A. Mandatory Relief Under Section 473, Subdivision (b) and Standards of Review

Plaintiff argues it was error to deny his motion to set aside the dismissal. Plaintiff contends he is entitled to mandatory relief under section 473, subdivision (b). We consider only the mandatory relief provision because plaintiff does not challenge the ruling under the section 473, subdivision (b) discretionary relief provisions.

The mandatory relief provision of section 473, subdivision (b) only extends to vacating a: default which will result in the entry of a default judgment; a default judgment; or an entered dismissal. (Wagner v. Wagner (2008) 162 Cal.App.4th 249, 259; Leader v. Health Industries of America, Inc. (2001) 89 Cal.App.4th 603, 615.) Section 473, subdivision (b) provides in part: "Notwithstanding any other requirements of this section, the court shall, whenever an application for relief is made no more than six months after entry of judgment, is in proper form, and is accompanied by an attorney's sworn affidavit attesting to his or her mistake, inadvertence, surprise, or neglect, vacate any (1) resulting default entered by the clerk against his or her client, and which will result in entry of a default judgment, or (2) resulting default judgment or dismissal entered against his or her client, unless the court finds that the default or dismissal was not in fact caused by the attorney's mistake, inadvertence, surprise, or neglect. . . ." In Zamora v. Clayborn Contracting Group, Inc. (2002) 28 Cal.4th 249, 257, our Supreme Court explained, "The purpose of this provision 'was to alleviate the hardship on parties who lose their day in court due solely to an inexcusable failure to act on the part of their attorneys.'" (Accord, Henderson v. Pacific Gas & Electric Co. (2010) 187 Cal.App.4th 215, 226.) The applicability of the mandatory relief provision of section 473, subdivision (b) is a question of law subject to de novo review. (Huh v. Wang (2007) 158 Cal.App.4th 1406, 1418; Leader v. Health Industries of America, Inc., supra, 89 Cal.App.4th at p. 612.) But we review a default order or dismissal for substantial evidence when an appeal involves factual determinations that affect a party's entitlement to mandatory relief. (Huh v. Wang, supra, 158 Cal.App.4th at p. 1418; Benedict v. Danner Press (2001) 87 Cal.App.4th 923, 928.)

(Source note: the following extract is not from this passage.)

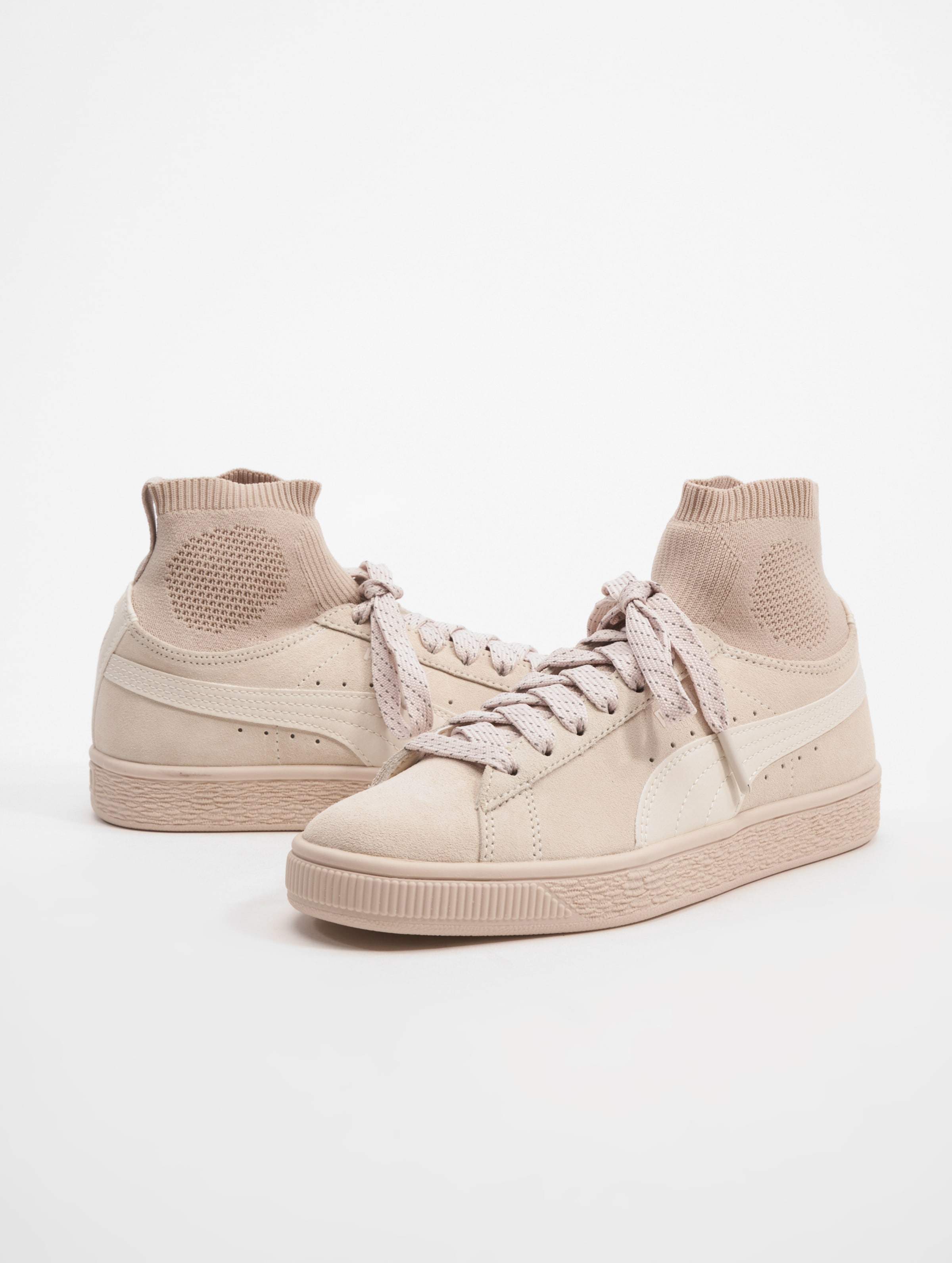 Puma Suede Classic Sock Schuhe op kleur beige, Maat 36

Where findings of fact are challenged on appeal, we determine whether there is any substantial evidence, contradicted or uncontradicted, to support the findings below. (Pope v. Babick (2014) 229 Cal.App.4th 1238, 1245; Robertson v. Fleetwood Travel Trailers of California, Inc. (2006) 144 Cal.App.4th 785, 798.) We do not reweigh evidence, reassess the credibility of witnesses or resolve conflicts in the evidence. (Pope v. Babick, supra, 229 Cal.App.4th at p. 1246; Lorenz v. Commercial Acceptance Ins. Co. (1995) 40 Cal.App.4th 981, 998.) A party challenging the sufficiency of the evidence has the burden of showing error. (Pope v. Babick, supra, 229 Cal.App.4th at p. 1246; Whiteley v. Philip Morris, Inc. (2004) 117 Cal.App.4th 635, 678.)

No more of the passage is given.